Gdy się obudziłam i wyszłam z namiotu Damona nigdzie nie było. Pewnie poszedł sobie na przechadzkę, albo na śniadanie.
Usiadłam sobie przy ognisku i przypomniałam sobie moją wczorajszą rozmowę z Damonem. Chyba powinnam mu już odpuścić tą jego zarypaną przeszłość. Najważniejsze jest to, co się dzieje tu i teraz. Powinnam go przeprosić i mu całkowicie zaufać. Fakt, miałam wątpliwości, co do jego eks.
Do głowy wpadła mi jeszcze jedna moja rozmowa z Damonem - ta nad wodospadem. Boże, co za wstyd! Jaka ja jestem głupia! Jak można się wstydzić przed osobą, którą się kocha ponad życie?! Ze mną stanowczo jest coś nie tak. Muszę się zmienić, dojrzeć, spoważnieć, ale równocześnie rozluźnić. Kurcze, to nie jest takie łatwe. Jak Damon to robi?

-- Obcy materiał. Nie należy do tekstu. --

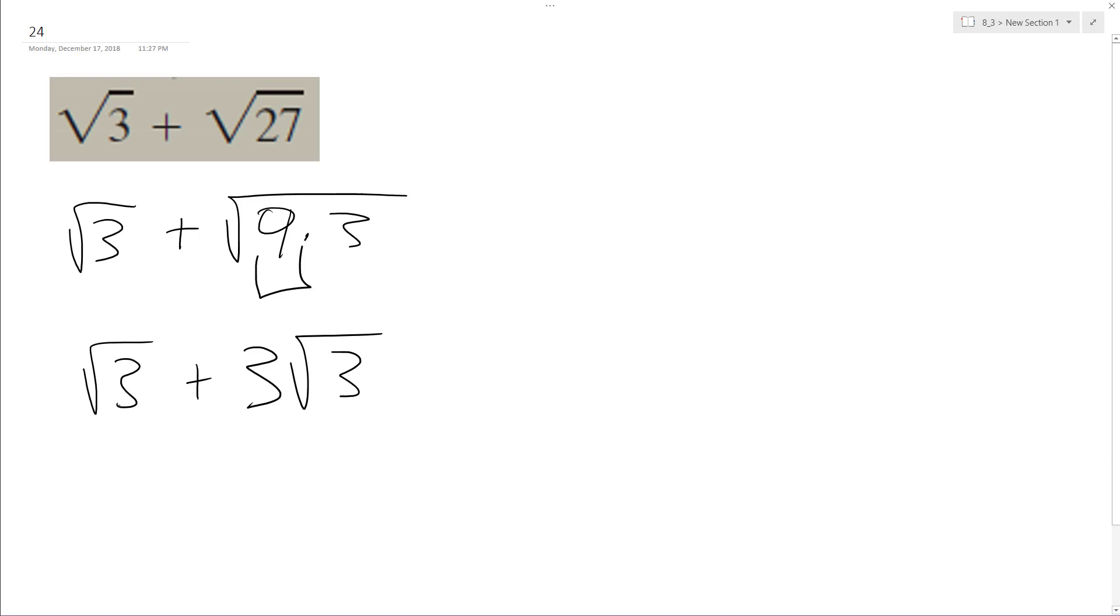Add these both together. This has got a coefficient of 1. 1 and 3 becomes 4 times square root of 3, and that's it.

- Coś cię martwi? - usłyszałam za swoimi plecami. Odwróciłam się i ujrzałam twarz Damona, albo raczej jego maskę.
- Wyłączyłeś uczucia? - spytałam z niedowierzaniem.
Po co mu to? Czy to moja wina? Czy ja go zmusiłam do wyłączenia uczuć?

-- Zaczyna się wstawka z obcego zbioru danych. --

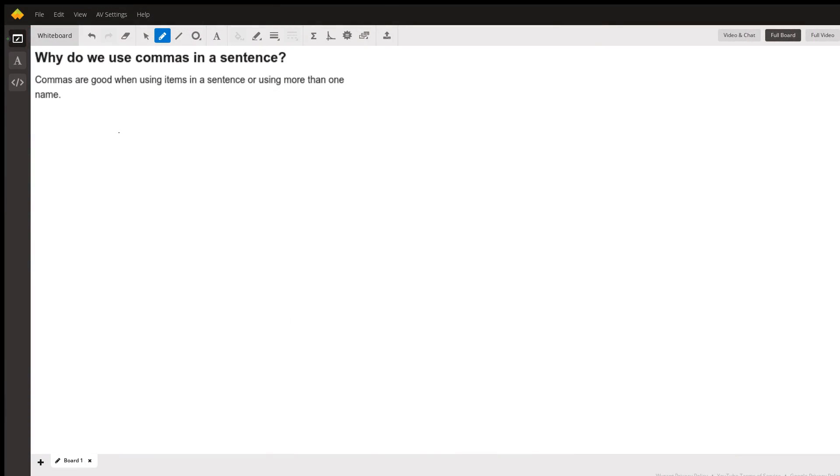Today's question is why do we use commas in a sentence? Using commas in a sentence helps us to separate three or more items in a sentence.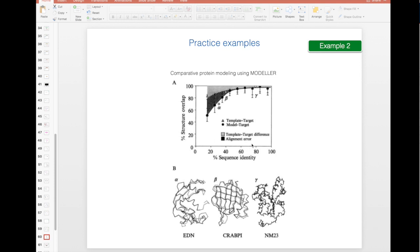If you have around 80% or even 60%, you will get a very nice structure overlap of the final produced model.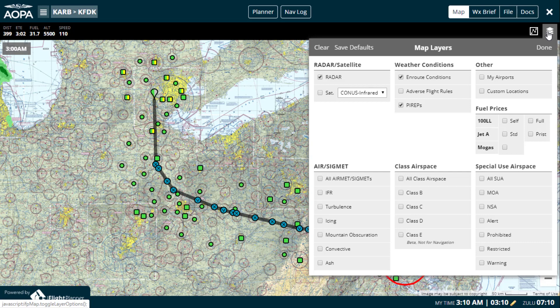This menu allows you to manage the radar and satellite, weather conditions, your my airports and custom locations, fuel prices, airmets, sigmets, airspace class, and special use airspace — all as interactive map layers.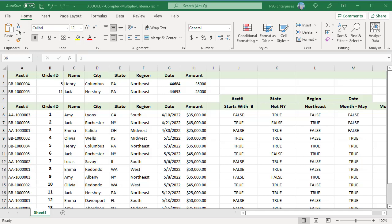To look up values based on multiple complex criteria, you can use the XLOOKUP function with multiple expressions based on boolean logic.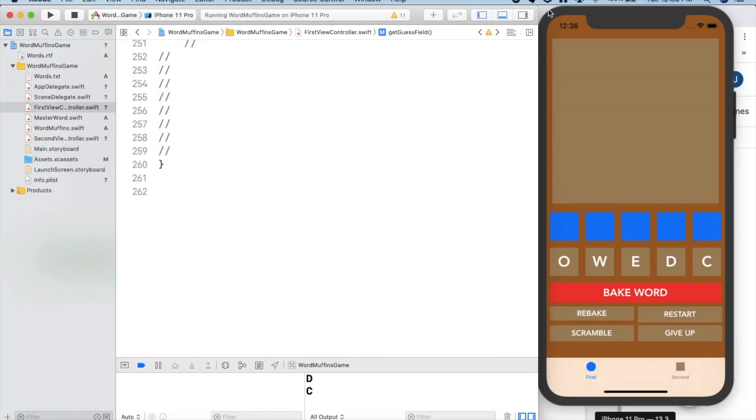Hi. So for my Swift game, Aria and I decided to recreate Word Muffins, which we originally created in Java, but this time in Swift, in an app format.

Wampir nie odpowiedział na moje pytanie, ale doskonale wiedziałam, jaka była prawda.
- Przepraszam - wyszeptałam. - Przepraszam za moje zachowanie. To pewnie przez ten stres.
Damon słuchał mnie uważnie, a przynajmniej tak to wyglądało.

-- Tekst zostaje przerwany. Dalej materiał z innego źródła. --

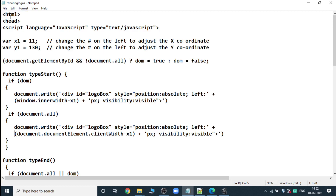We start the HTML page with the opening HTML tag, then open the head section. In the head section, we write the script tag. In this script tag, we are declaring two variables: x1 and y1. These two variables represent the coordinates for the image we are displaying in our webpage. Here we are giving x1 as 11 and y1 as 130. x1 represents the x coordinate from the left side, and y1 is the coordinate from the top.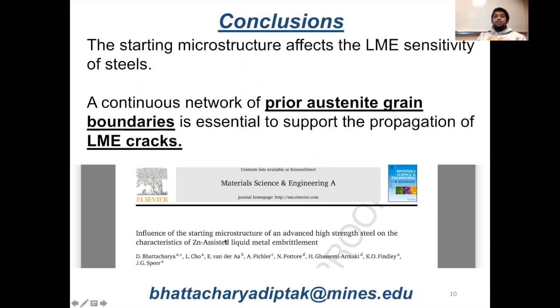If you're interested to know more, please read our recently published research in MSEA, or you can always contact me at this email address. Thank you, everyone.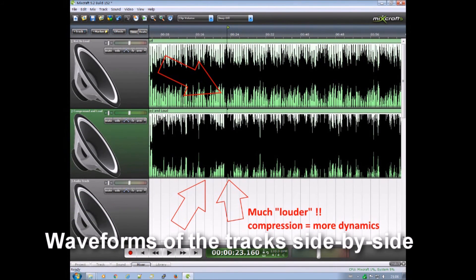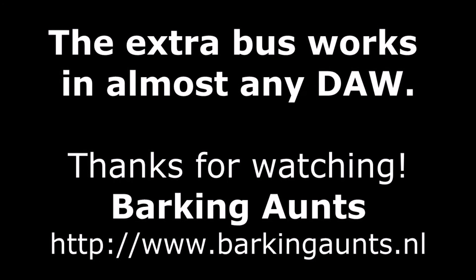As you can see in the waveforms, the second one has lots more dynamics and is much louder.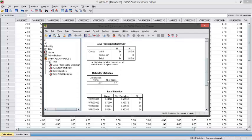We have to concentrate on this part only — the Reliability Statistics. The Cronbach's Alpha is 0.741 with 16 items. We have to remember the rule: a variable is reliable if the Cronbach's Alpha is greater than 0.7.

- Nie jestem zły - powiedział, po dłuższej chwili ciszy.
- To czemu...
- Musiałem ochłonąć, odpocząć od tego.
Westchnęłam.
- Mi to mówisz?
Damon zaśmiał się cicho.
- Faktycznie, przepraszam. A jeżeli o stres - usiadł obok mnie - to się nie martw. Naprawdę. Jeżeli chcesz, pomogę ci się rozluźnić.
Spojrzałam w jego błękitne oczy, które błyszczały radością i chytrością.
Zmarszczyłam brwi.
- Co ty...?
Nie skończyłam, bo Damon zajął moje usta swoimi pocałunkami. Całował mnie z taką namiętnością i pożądaniem, a ja oddawałam mu każdy pocałunek. Nie zauważyłam, kiedy znaleźliśmy się w namiotu i nasze ciuchy zniknęły z naszych ciał. Wtedy sobie uświadomiłam, że nie powinnam się niczego wstydzić przed Damonem. Kocham go, a on kocha mnie i nic, ani nikt, tego nie zmieni.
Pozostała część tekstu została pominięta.